#### PROBLEM TO SOLVE:
Set down every line from the one with "Kenzianne04" to the end of the entries, both ends included, exactly as it reads and without pictures.

Excerpts from a dataset:
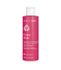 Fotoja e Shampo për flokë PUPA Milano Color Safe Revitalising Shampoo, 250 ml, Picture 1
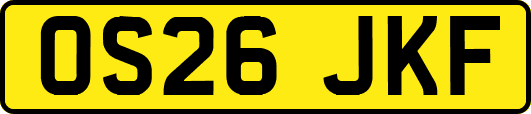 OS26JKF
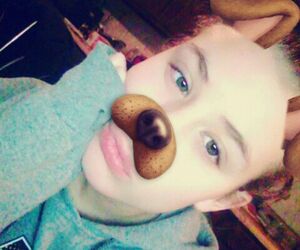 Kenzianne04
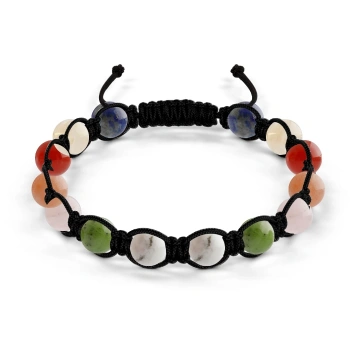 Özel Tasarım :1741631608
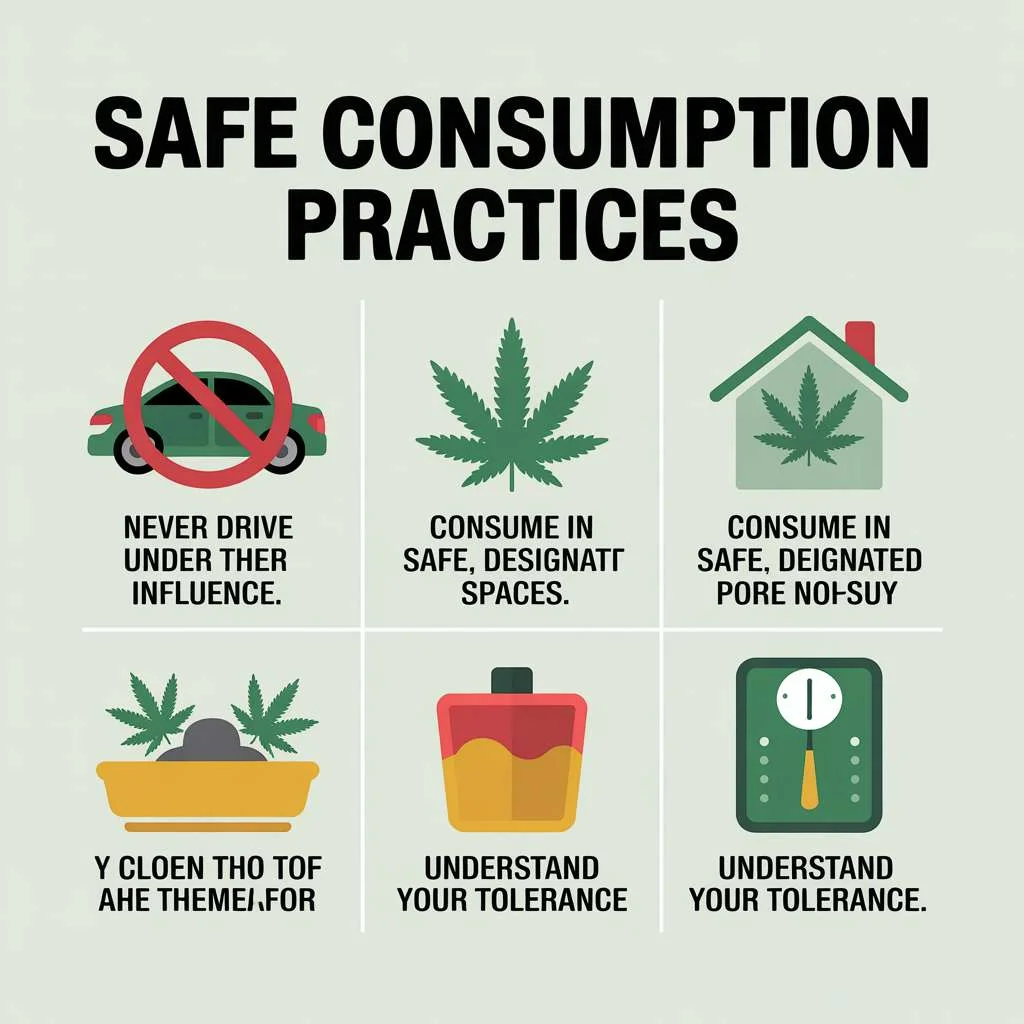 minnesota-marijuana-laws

#### YOUR SOLUTION:
 Kenzianne04
 Özel Tasarım :1741631608
 minnesota-marijuana-laws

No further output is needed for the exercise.